** Provided material follows **
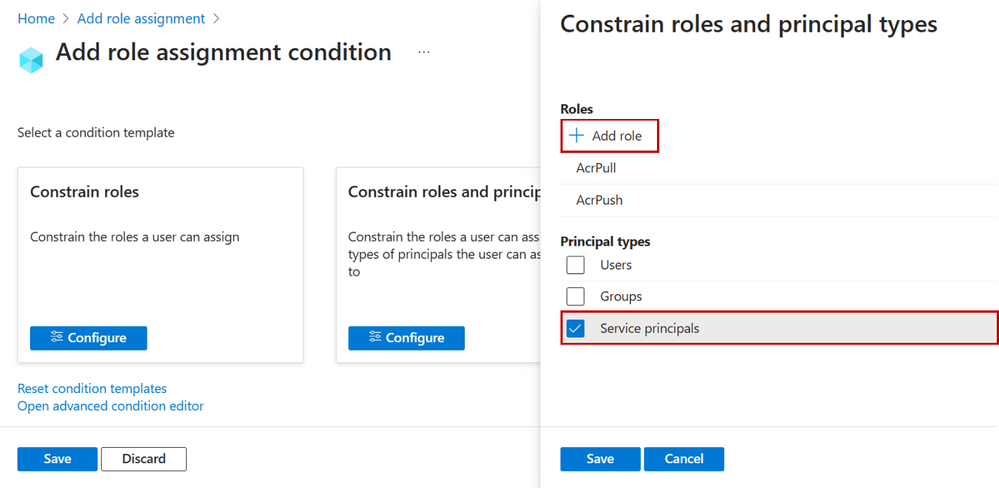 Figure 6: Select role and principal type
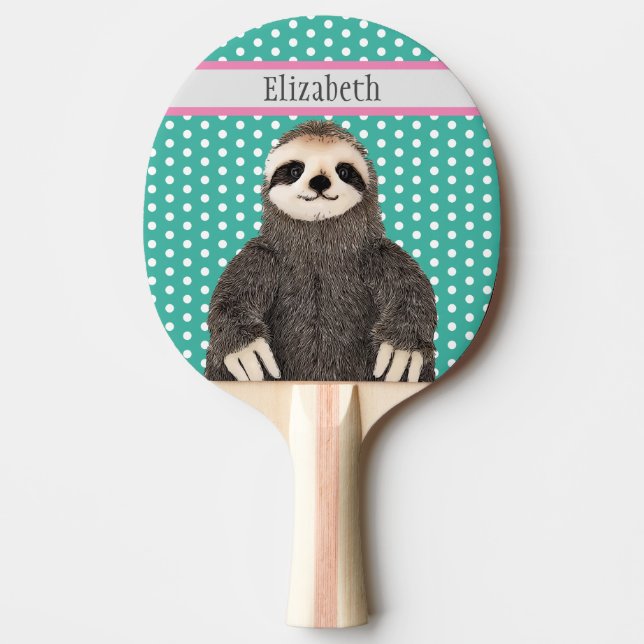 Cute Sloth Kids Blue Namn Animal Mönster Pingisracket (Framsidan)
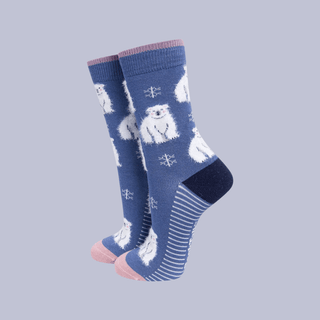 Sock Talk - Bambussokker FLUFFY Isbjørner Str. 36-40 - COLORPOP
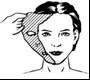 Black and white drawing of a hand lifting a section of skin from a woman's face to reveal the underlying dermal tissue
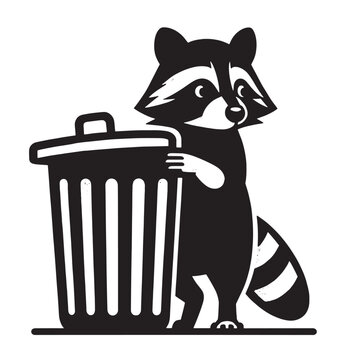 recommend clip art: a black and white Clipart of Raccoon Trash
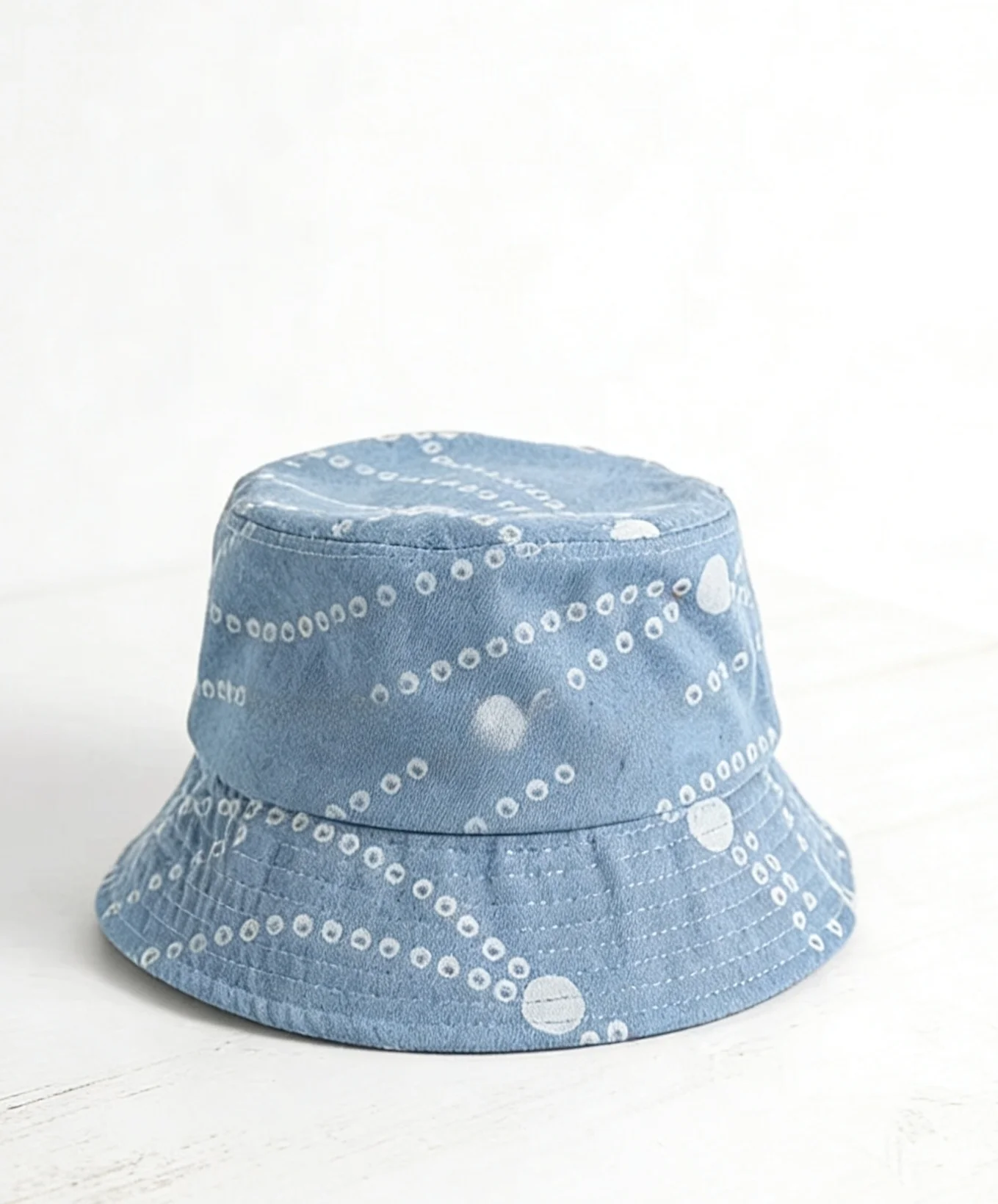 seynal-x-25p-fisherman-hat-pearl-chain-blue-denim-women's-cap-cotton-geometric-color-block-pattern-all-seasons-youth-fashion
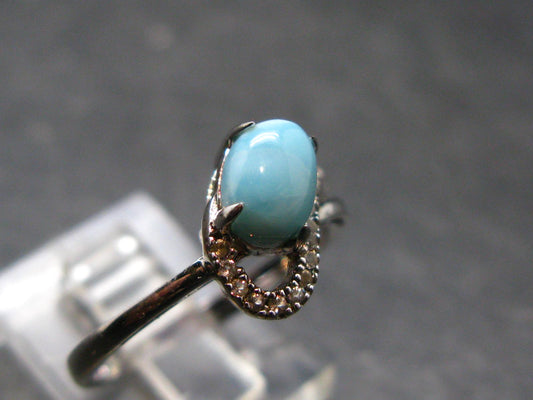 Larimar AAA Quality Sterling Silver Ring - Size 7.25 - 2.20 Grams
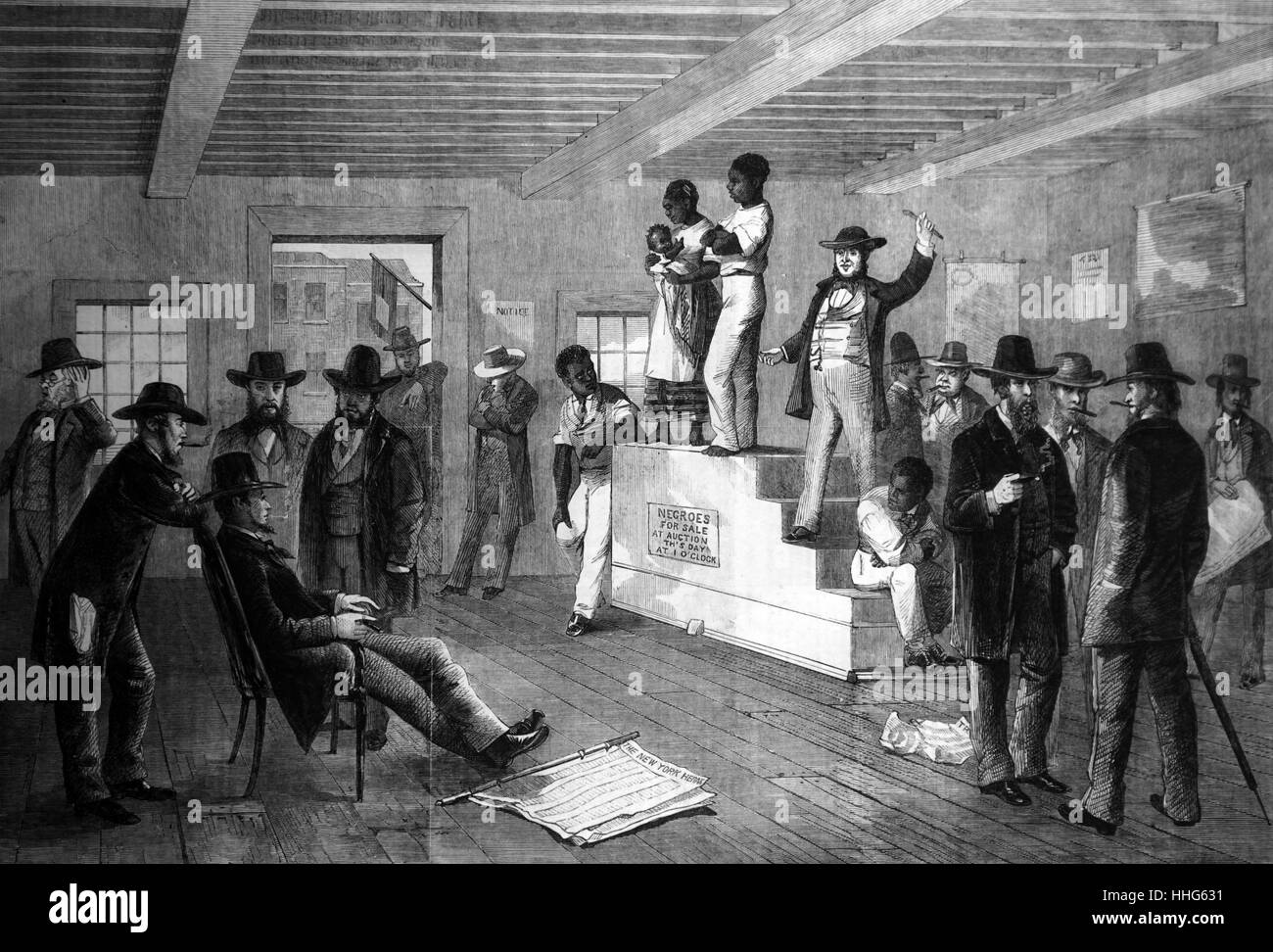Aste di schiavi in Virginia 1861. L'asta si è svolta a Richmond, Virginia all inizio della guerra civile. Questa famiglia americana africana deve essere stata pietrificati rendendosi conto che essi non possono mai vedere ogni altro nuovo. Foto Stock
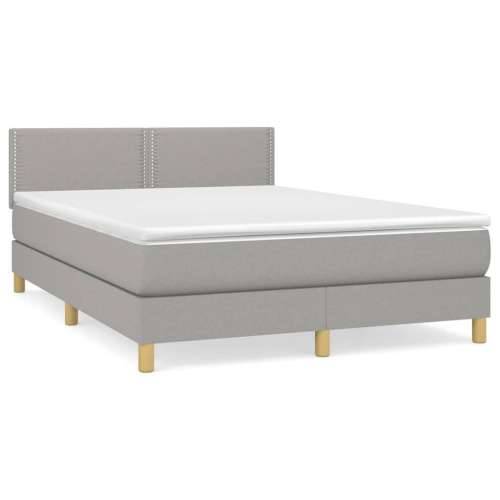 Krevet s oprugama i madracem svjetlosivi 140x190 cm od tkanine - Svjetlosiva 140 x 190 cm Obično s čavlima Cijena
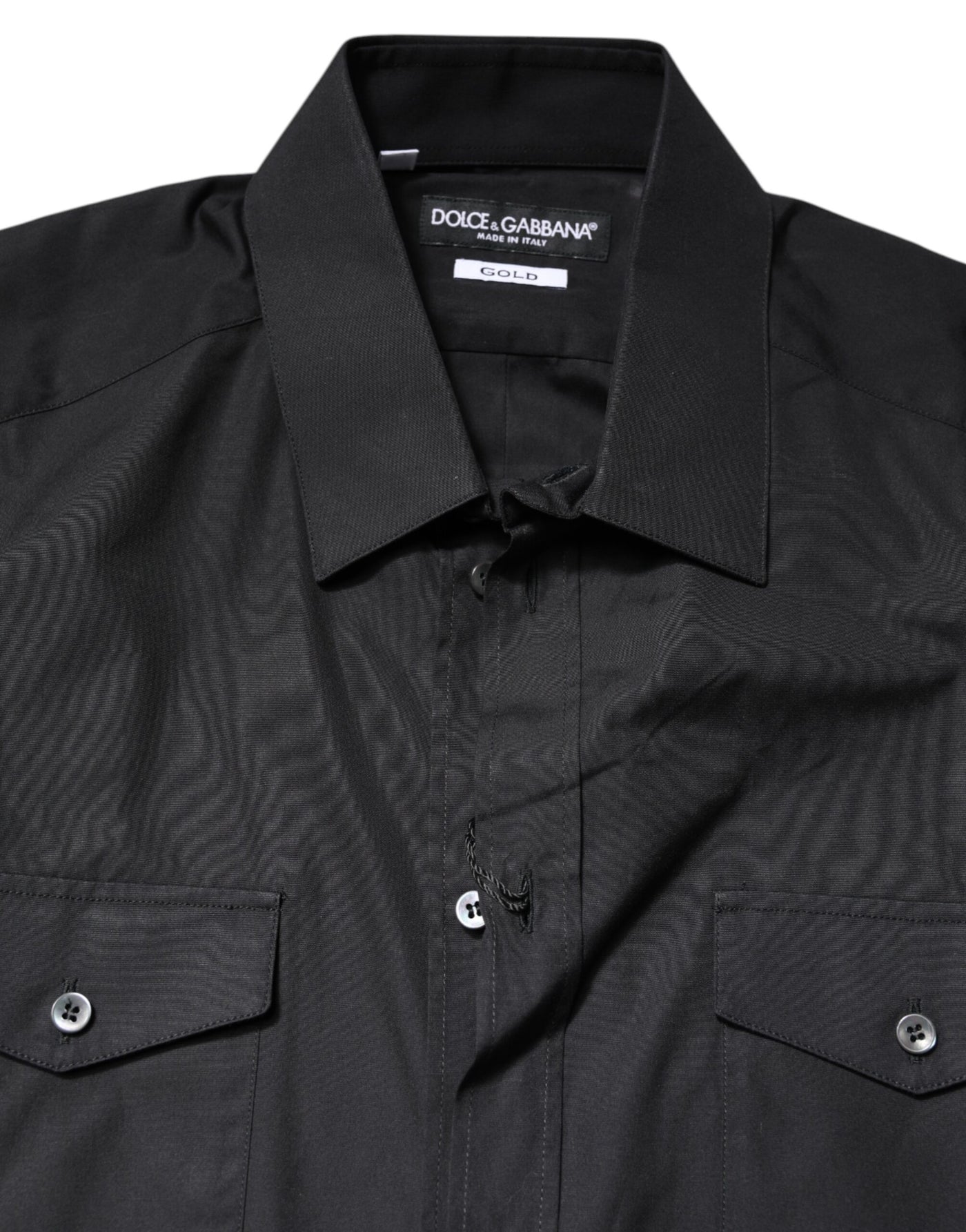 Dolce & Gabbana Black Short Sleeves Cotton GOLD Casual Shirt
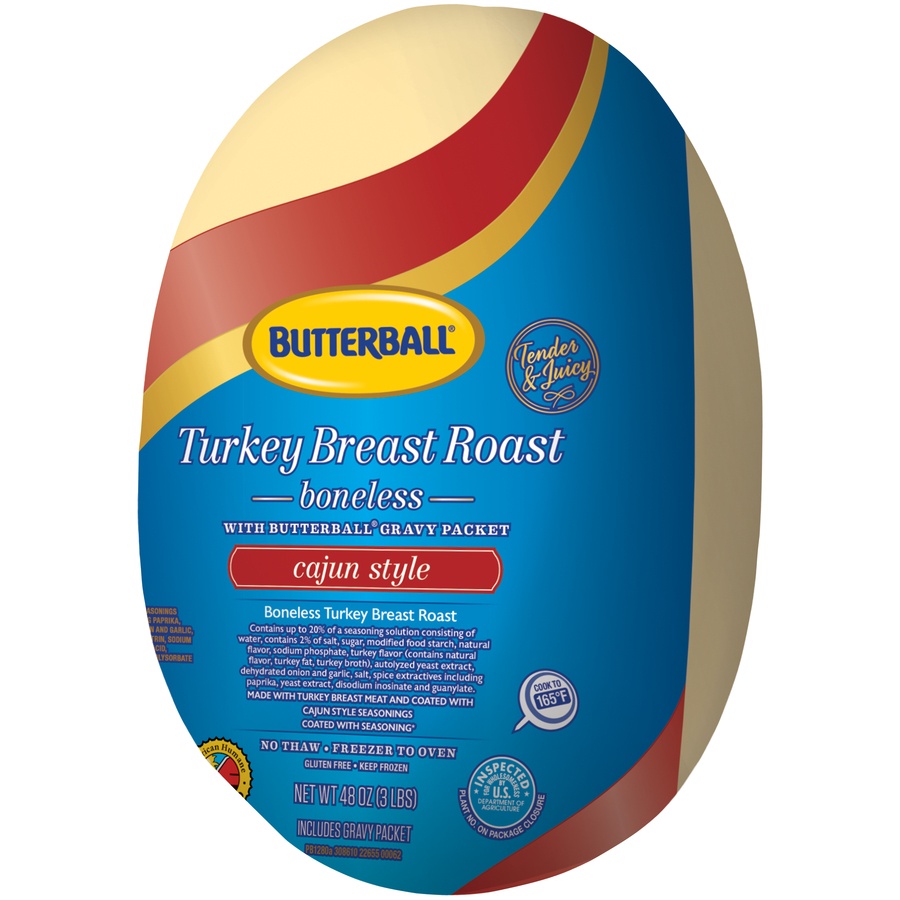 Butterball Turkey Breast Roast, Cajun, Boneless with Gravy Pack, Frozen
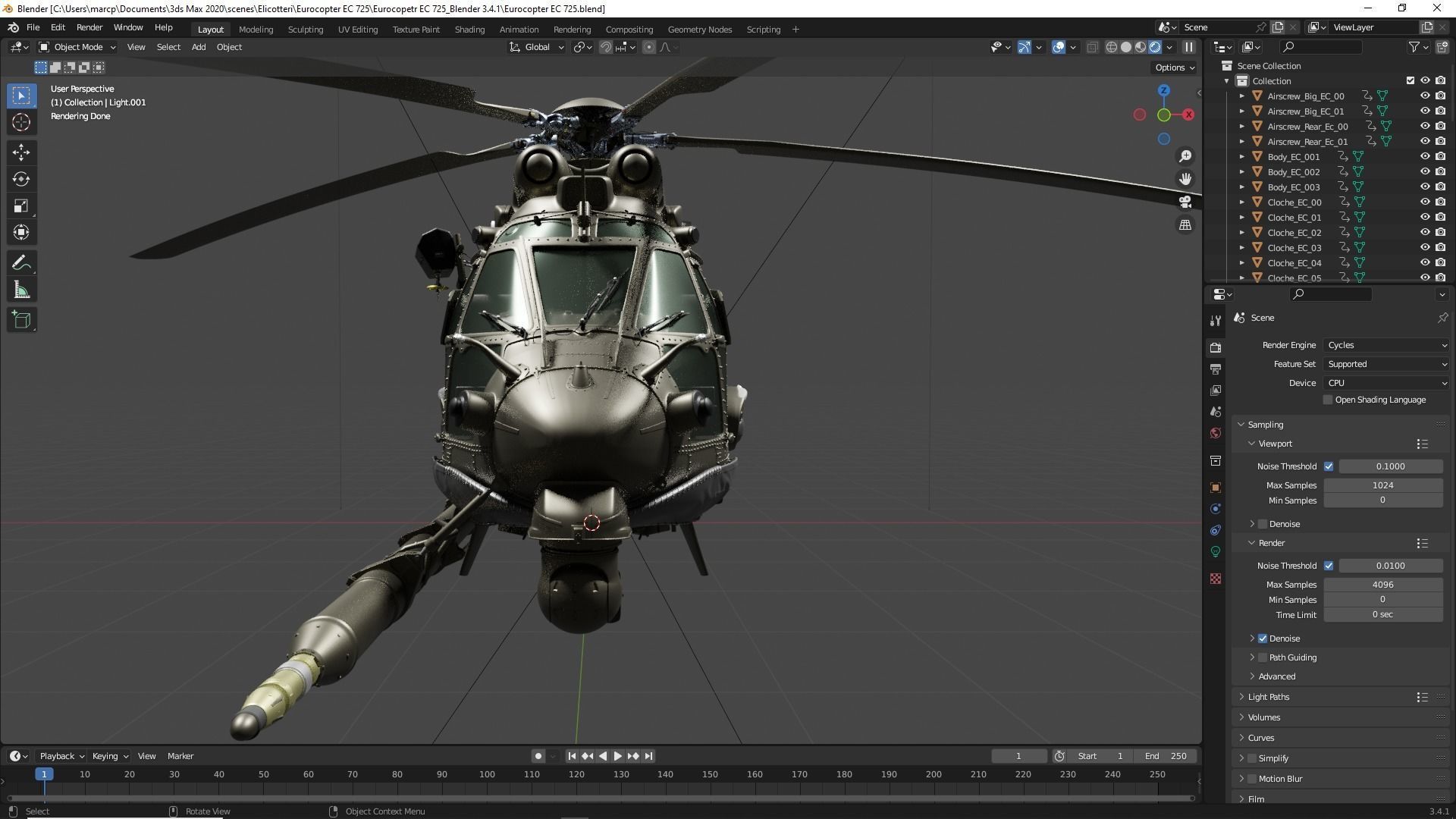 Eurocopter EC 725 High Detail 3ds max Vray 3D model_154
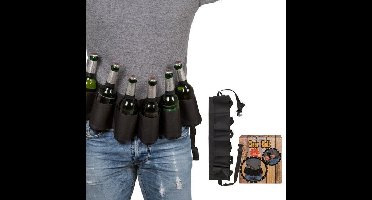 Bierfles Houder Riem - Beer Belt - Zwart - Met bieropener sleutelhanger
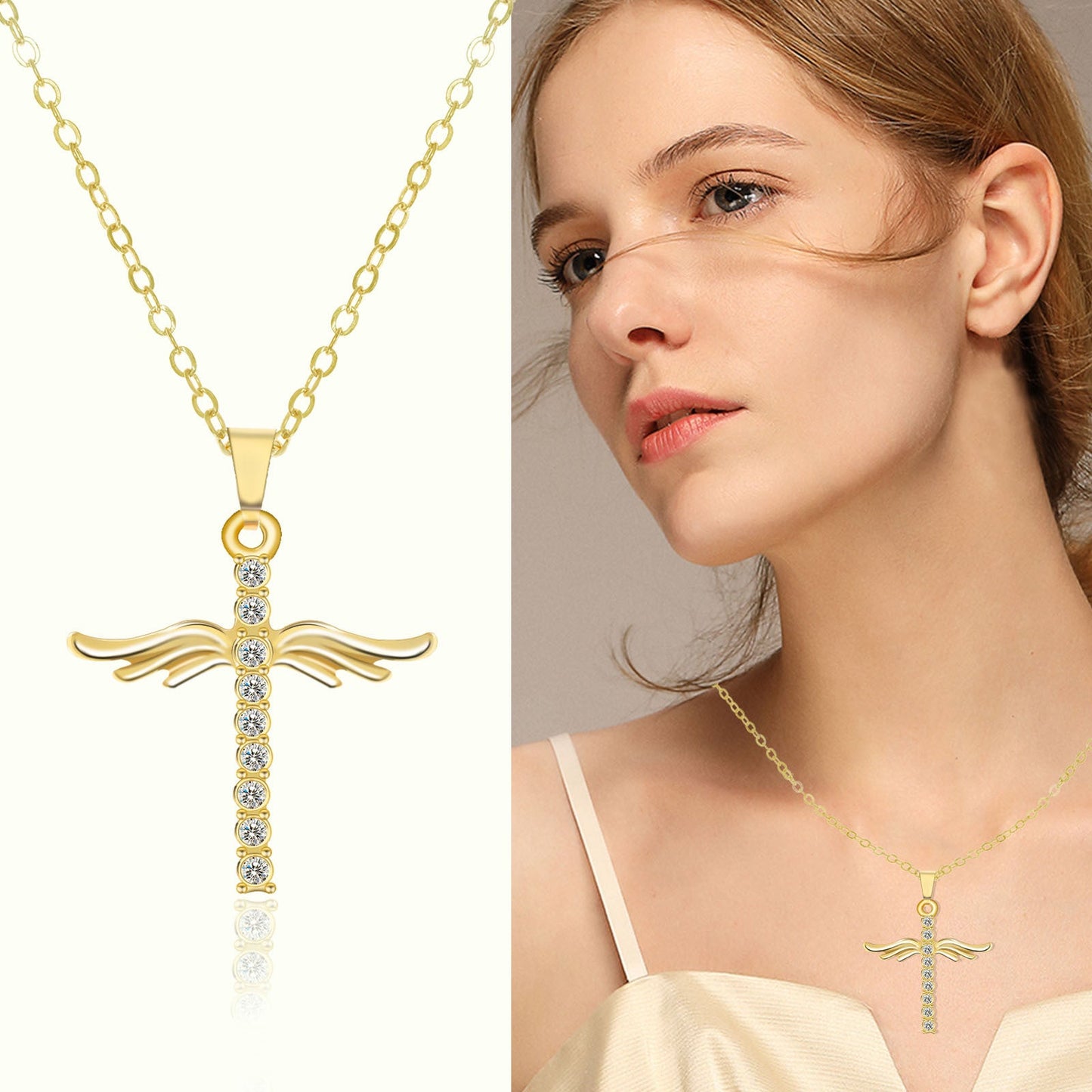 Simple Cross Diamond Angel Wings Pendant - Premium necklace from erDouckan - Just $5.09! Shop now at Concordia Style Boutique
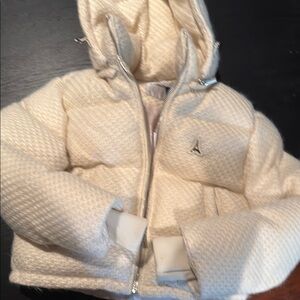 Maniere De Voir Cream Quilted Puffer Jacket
** End of Provided material **
Exercise requirements - If the material above contains pictures, exclude them from an otherwise exact transcription.

Task result -
 Figure 6: Select role and principal type
 Cute Sloth Kids Blue Namn Animal Mönster Pingisracket (Framsidan)
 Sock Talk - Bambussokker FLUFFY Isbjørner Str. 36-40 - COLORPOP
 Black and white drawing of a hand lifting a section of skin from a woman's face to reveal the underlying dermal tissue
 recommend clip art: a black and white Clipart of Raccoon Trash
 seynal-x-25p-fisherman-hat-pearl-chain-blue-denim-women's-cap-cotton-geometric-color-block-pattern-all-seasons-youth-fashion
 Larimar AAA Quality Sterling Silver Ring - Size 7.25 - 2.20 Grams
Aste di schiavi in Virginia 1861. L'asta si è svolta a Richmond, Virginia all inizio della guerra civile. Questa famiglia americana africana deve essere stata pietrificati rendendosi conto che essi non possono mai vedere ogni altro nuovo. Foto Stock
 Krevet s oprugama i madracem svjetlosivi 140x190 cm od tkanine - Svjetlosiva 140 x 190 cm Obično s čavlima Cijena
 Dolce & Gabbana Black Short Sleeves Cotton GOLD Casual Shirt
 Butterball Turkey Breast Roast, Cajun, Boneless with Gravy Pack, Frozen
 Eurocopter EC 725 High Detail 3ds max Vray 3D model_154
 Bierfles Houder Riem - Beer Belt - Zwart - Met bieropener sleutelhanger
 Simple Cross Diamond Angel Wings Pendant - Premium necklace from erDouckan - Just $5.09! Shop now at Concordia Style Boutique
 Maniere De Voir Cream Quilted Puffer Jacket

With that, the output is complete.